[Brief descriptive captions]
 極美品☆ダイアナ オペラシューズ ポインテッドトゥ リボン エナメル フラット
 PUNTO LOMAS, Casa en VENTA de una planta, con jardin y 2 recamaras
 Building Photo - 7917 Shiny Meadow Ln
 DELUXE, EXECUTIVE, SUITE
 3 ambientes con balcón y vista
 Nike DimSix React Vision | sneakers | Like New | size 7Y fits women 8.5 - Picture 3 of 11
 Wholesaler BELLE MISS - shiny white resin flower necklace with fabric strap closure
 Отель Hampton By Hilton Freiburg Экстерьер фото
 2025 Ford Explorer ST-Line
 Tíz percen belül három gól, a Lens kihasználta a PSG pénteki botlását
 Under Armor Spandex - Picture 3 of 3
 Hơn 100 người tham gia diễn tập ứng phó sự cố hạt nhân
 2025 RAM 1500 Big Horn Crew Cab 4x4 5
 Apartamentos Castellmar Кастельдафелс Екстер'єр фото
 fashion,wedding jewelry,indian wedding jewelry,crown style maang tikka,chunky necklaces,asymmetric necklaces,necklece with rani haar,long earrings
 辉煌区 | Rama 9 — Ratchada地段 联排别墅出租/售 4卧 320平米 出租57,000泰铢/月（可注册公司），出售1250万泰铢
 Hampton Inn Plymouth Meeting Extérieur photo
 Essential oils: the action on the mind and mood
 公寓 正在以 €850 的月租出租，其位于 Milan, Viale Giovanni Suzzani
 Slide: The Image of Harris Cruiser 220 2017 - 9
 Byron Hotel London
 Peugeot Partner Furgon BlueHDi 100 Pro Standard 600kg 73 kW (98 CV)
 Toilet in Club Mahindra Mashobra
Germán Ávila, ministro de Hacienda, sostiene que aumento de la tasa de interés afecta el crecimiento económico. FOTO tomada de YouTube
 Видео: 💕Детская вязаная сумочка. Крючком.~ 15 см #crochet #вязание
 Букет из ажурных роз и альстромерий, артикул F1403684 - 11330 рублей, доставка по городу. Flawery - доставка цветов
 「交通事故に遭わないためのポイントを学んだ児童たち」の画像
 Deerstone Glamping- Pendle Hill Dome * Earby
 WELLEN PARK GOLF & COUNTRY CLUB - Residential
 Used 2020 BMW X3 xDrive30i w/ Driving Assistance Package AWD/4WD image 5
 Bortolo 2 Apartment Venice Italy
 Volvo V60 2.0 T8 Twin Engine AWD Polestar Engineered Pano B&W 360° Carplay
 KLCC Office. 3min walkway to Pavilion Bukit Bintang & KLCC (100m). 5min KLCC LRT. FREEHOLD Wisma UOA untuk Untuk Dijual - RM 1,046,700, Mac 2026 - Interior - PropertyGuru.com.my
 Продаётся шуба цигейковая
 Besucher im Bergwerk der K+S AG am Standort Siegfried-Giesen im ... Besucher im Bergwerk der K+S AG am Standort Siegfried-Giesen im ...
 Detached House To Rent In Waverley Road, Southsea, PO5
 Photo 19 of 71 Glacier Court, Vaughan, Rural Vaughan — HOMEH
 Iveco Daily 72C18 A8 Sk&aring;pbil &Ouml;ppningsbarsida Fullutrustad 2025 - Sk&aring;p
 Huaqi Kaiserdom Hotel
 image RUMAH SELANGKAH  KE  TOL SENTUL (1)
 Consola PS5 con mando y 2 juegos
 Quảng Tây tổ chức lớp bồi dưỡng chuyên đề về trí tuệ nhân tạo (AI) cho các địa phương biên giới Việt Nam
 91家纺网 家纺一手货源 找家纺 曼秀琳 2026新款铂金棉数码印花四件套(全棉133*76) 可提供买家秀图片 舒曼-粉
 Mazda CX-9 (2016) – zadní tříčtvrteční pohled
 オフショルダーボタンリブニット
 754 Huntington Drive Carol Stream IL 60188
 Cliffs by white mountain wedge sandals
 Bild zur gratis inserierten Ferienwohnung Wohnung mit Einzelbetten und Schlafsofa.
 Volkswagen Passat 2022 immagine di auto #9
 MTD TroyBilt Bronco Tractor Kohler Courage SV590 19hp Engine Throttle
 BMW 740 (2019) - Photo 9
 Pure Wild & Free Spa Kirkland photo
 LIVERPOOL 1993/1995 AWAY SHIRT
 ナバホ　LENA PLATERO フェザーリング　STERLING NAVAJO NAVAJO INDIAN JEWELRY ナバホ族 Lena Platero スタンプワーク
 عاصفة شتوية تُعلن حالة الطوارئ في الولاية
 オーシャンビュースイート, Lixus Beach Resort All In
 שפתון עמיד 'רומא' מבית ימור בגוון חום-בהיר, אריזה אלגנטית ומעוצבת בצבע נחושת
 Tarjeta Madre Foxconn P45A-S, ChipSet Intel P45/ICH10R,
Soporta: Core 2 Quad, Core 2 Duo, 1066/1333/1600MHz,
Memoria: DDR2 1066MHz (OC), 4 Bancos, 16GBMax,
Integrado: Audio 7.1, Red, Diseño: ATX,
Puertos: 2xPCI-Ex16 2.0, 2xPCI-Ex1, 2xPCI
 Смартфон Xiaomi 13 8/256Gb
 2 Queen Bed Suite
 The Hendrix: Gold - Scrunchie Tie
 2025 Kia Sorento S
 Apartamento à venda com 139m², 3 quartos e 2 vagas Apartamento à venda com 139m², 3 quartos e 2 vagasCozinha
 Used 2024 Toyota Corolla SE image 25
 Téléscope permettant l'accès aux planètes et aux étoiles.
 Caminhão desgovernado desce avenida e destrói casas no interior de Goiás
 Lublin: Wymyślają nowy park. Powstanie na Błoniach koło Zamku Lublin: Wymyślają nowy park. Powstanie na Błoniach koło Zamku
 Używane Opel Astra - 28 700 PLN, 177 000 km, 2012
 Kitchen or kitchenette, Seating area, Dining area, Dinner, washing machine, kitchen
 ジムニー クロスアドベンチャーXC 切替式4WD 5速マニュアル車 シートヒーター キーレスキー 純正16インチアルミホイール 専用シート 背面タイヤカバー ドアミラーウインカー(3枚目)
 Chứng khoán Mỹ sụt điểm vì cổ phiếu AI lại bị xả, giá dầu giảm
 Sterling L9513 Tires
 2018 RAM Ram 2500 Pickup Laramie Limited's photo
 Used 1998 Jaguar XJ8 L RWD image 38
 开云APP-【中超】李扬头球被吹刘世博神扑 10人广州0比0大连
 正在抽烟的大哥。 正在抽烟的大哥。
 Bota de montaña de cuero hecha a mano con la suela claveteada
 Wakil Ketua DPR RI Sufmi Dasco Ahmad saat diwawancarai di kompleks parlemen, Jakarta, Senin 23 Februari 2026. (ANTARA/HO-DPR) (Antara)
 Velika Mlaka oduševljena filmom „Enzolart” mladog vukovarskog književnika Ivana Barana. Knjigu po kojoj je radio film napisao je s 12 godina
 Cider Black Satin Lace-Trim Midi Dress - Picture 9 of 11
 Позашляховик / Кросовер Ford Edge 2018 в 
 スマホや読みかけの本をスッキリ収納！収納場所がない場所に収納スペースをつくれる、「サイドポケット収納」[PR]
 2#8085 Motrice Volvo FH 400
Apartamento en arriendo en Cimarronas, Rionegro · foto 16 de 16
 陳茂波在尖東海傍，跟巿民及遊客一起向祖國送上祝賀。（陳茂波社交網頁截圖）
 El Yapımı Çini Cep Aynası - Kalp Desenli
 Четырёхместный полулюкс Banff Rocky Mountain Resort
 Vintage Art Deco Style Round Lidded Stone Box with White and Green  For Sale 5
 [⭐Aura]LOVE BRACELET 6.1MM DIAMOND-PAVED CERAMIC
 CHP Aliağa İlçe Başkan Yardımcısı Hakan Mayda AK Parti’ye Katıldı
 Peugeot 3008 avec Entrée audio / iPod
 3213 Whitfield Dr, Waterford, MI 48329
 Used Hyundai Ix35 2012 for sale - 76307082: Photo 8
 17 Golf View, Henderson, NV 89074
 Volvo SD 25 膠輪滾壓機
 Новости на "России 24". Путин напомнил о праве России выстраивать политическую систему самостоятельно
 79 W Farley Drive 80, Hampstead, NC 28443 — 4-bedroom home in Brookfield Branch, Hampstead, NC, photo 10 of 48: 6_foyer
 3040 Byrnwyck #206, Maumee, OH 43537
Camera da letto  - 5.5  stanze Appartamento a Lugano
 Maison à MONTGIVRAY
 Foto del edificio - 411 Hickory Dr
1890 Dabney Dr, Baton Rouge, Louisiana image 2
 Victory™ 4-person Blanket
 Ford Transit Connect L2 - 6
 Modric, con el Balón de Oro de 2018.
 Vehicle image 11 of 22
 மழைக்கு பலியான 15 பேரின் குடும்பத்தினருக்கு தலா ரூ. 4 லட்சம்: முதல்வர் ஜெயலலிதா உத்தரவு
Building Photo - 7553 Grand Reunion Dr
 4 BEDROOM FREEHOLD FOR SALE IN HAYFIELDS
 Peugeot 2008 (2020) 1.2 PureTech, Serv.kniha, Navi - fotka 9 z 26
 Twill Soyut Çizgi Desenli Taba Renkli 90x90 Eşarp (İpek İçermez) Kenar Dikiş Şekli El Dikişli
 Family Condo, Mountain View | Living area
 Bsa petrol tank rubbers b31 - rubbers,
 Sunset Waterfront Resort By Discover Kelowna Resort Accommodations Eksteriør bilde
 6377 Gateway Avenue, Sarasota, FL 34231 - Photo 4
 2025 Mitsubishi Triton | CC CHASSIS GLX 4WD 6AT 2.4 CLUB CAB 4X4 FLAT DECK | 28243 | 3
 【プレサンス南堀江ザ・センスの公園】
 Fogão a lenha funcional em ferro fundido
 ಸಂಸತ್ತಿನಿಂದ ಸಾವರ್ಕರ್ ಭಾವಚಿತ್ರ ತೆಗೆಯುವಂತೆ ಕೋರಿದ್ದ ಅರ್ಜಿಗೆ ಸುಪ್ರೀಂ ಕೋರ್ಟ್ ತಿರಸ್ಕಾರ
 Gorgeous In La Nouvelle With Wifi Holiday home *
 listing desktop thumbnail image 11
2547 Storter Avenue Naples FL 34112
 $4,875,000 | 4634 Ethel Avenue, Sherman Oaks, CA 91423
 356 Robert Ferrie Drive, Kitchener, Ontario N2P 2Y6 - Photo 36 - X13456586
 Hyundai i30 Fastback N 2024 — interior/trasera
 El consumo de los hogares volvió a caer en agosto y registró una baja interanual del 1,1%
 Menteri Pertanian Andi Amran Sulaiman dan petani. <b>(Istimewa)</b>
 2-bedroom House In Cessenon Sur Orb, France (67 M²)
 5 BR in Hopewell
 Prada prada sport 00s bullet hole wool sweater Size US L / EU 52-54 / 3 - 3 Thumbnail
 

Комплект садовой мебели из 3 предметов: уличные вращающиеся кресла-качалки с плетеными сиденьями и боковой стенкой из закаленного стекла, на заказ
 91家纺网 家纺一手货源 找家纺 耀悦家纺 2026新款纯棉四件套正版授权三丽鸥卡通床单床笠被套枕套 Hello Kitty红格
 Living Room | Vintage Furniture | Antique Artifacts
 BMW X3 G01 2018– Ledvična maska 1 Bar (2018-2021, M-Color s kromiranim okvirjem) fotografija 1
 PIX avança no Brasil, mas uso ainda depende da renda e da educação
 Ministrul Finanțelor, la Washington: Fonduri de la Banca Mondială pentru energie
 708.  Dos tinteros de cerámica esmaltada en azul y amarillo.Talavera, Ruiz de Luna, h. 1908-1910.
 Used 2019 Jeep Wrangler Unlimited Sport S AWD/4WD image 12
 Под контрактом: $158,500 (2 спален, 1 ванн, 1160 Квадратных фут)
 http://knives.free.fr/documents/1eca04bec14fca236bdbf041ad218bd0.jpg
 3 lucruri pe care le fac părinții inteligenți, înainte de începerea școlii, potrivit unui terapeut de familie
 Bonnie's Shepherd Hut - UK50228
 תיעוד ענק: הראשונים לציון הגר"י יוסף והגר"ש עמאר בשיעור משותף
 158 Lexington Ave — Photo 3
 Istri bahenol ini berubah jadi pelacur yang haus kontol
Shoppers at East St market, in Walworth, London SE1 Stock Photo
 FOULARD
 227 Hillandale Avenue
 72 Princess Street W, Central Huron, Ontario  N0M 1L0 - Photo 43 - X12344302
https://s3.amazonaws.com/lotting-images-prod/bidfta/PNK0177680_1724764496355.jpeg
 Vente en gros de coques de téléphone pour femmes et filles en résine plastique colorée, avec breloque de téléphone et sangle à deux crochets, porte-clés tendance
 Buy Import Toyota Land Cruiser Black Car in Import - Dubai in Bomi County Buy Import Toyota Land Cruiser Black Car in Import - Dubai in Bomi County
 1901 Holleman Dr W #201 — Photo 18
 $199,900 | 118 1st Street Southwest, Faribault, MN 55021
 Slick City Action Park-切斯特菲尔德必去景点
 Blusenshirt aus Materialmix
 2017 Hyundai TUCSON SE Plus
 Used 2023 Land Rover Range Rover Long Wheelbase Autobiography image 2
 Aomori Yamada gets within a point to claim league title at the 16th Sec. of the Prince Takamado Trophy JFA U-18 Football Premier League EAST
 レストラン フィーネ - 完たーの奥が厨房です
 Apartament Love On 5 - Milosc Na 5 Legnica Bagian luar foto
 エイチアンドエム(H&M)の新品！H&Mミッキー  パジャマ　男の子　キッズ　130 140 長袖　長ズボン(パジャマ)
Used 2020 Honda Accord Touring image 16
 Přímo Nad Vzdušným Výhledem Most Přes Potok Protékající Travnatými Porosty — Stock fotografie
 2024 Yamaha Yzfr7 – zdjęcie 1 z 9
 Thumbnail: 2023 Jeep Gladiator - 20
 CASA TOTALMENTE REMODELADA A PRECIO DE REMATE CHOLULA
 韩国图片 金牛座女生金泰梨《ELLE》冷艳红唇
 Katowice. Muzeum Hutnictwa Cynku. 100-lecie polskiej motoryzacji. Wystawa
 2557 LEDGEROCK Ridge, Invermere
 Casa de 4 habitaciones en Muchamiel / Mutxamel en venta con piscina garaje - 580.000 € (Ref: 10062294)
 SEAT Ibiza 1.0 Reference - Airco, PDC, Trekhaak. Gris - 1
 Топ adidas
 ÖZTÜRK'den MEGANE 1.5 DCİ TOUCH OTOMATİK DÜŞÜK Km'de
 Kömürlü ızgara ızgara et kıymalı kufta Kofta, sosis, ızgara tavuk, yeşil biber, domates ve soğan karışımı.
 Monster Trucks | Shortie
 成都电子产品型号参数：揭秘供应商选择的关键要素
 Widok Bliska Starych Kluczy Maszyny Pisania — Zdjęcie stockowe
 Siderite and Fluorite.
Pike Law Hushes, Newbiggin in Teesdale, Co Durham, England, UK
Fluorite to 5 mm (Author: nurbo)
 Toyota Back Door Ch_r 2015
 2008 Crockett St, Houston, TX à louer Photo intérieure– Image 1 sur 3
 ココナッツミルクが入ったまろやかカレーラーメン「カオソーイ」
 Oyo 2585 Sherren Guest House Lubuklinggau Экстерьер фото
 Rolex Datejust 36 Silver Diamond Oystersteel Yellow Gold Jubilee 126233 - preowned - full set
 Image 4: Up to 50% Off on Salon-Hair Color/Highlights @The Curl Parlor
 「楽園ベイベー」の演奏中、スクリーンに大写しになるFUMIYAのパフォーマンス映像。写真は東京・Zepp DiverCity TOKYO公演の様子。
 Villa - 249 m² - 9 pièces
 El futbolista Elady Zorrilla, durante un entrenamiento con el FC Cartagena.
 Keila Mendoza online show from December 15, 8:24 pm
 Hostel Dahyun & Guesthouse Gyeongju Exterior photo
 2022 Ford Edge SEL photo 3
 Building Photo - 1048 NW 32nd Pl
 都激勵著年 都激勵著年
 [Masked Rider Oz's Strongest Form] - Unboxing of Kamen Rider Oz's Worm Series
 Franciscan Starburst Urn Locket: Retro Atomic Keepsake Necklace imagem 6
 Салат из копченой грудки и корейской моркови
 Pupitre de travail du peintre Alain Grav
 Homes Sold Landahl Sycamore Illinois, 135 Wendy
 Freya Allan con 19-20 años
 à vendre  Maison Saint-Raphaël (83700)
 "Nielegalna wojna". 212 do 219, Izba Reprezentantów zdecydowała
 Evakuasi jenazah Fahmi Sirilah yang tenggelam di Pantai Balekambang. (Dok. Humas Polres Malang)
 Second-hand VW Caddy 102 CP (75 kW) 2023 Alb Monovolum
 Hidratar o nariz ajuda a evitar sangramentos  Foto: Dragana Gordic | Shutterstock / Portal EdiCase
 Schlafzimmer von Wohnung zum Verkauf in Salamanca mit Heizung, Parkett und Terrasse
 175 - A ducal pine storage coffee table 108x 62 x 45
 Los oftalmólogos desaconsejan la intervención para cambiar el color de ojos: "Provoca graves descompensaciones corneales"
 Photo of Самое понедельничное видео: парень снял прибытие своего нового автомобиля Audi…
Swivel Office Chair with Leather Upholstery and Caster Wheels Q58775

__Problem to solve__
What is needed is an exact copy of the lines above, from the one containing "Vintage Art Deco" through the one containing "Foto del edificio - 411 Hickory Dr", with nothing added.

__Response area__
 Vintage Art Deco Style Round Lidded Stone Box with White and Green  For Sale 5
 [⭐Aura]LOVE BRACELET 6.1MM DIAMOND-PAVED CERAMIC
 CHP Aliağa İlçe Başkan Yardımcısı Hakan Mayda AK Parti’ye Katıldı
 Peugeot 3008 avec Entrée audio / iPod
 3213 Whitfield Dr, Waterford, MI 48329
 Used Hyundai Ix35 2012 for sale - 76307082: Photo 8
 17 Golf View, Henderson, NV 89074
 Volvo SD 25 膠輪滾壓機
 Новости на "России 24". Путин напомнил о праве России выстраивать политическую систему самостоятельно
 79 W Farley Drive 80, Hampstead, NC 28443 — 4-bedroom home in Brookfield Branch, Hampstead, NC, photo 10 of 48: 6_foyer
 3040 Byrnwyck #206, Maumee, OH 43537
Camera da letto  - 5.5  stanze Appartamento a Lugano
 Maison à MONTGIVRAY
 Foto del edificio - 411 Hickory Dr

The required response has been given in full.